1. Instabilità e decomposizione: L'acido nitrico è un forte agente ossidante e può decomporsi in presenza di luce e calore. Questa decomposizione può portare alla formazione di ossidi di azoto, che possono interferire con il processo di titolazione.
2. Reazione con vetro: L'acido nitrico può reagire con il vetro, soprattutto nel tempo, il che può influire sulla precisione della concentrazione della soluzione.
3. Difficile da preparare e standardizzare: È difficile preparare e standardizzare accuratamente le soluzioni di acido nitrico a causa della sua volatilità e tendenza a decomporsi.
4. Disponibilità di altri acidi forti: Altri acidi forti come l'acido cloridrico (HCl) e l'acido solforico (H₂SO₄) sono più stabili, facilmente disponibili e più facili da maneggiare.
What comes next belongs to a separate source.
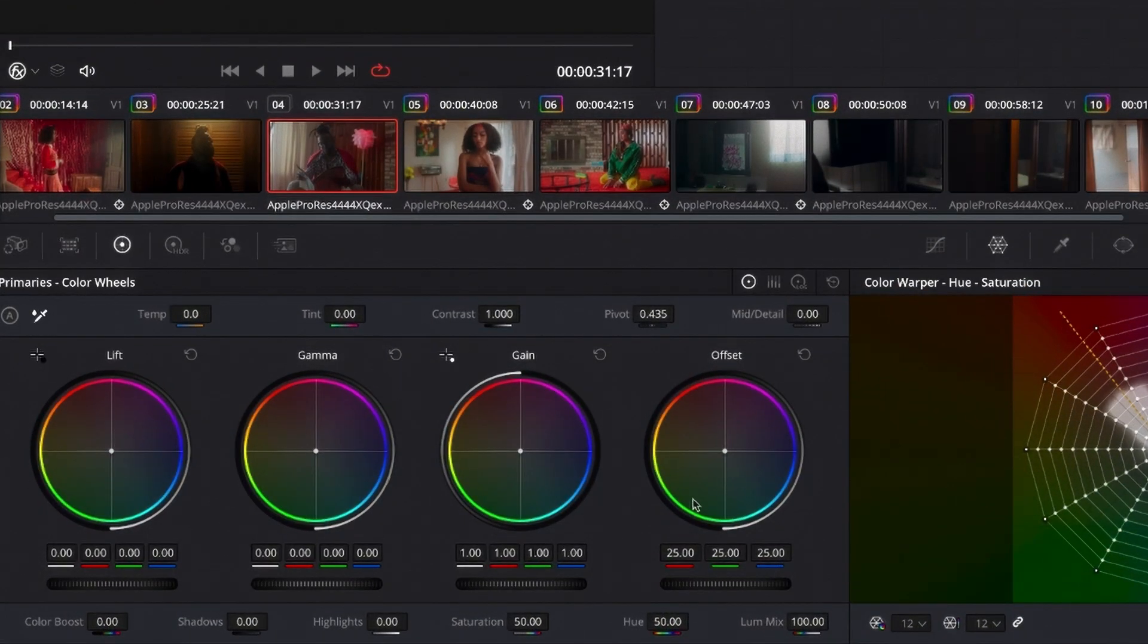So play around with this and see what you can come up with. These are the staples you are going to use when you color grade your footage. So make sure you become very comfortable with these guys.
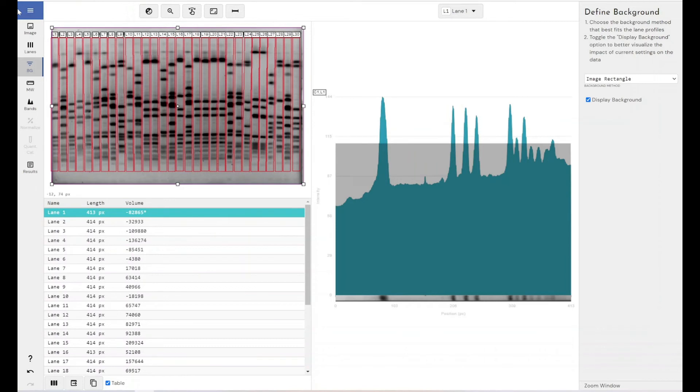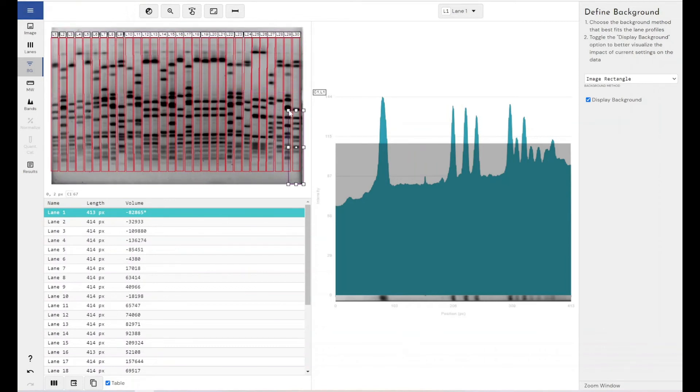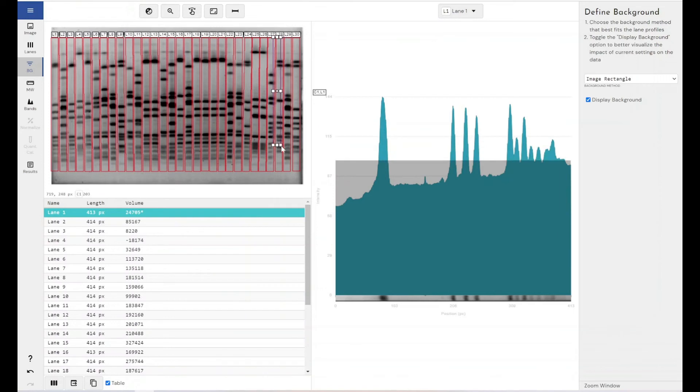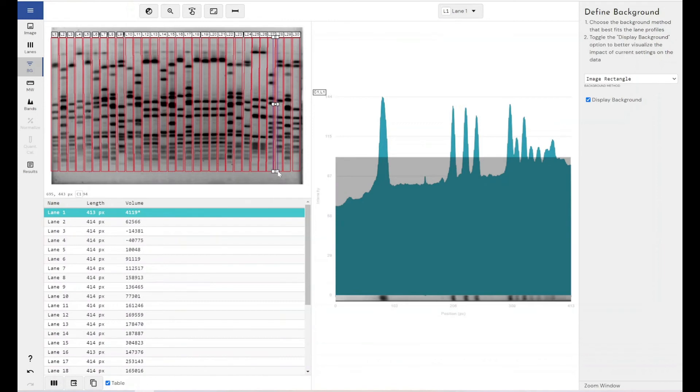And then we've got the ability to use an image rectangle. So when you click on image rectangle, you will be given a purple adjustable box here on your image. And you would size this purple box to how large you want your rectangle to be, and you would place it along the area that you want to represent your background.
Sono inoltre facilmente disponibili in elevata purezza, il che li rende ideali per l'uso come soluzioni standard.
5. Interferenza con alcuni analiti: In alcuni casi, l'acido nitrico può reagire con l'analita da titolare, rendendolo inadatto all'uso nella titolazione specifica.
6. Preoccupazioni per la sicurezza: L'acido nitrico è un acido forte e può essere corrosivo. È importante gestirlo con le dovute precauzioni di sicurezza.
Pertanto, sebbene l'acido nitrico sia un acido forte, non viene spesso utilizzato come soluzione standard per le titolazioni di neutralizzazione a causa della sua instabilità, reattività e difficoltà di manipolazione rispetto ad altri acidi forti facilmente disponibili.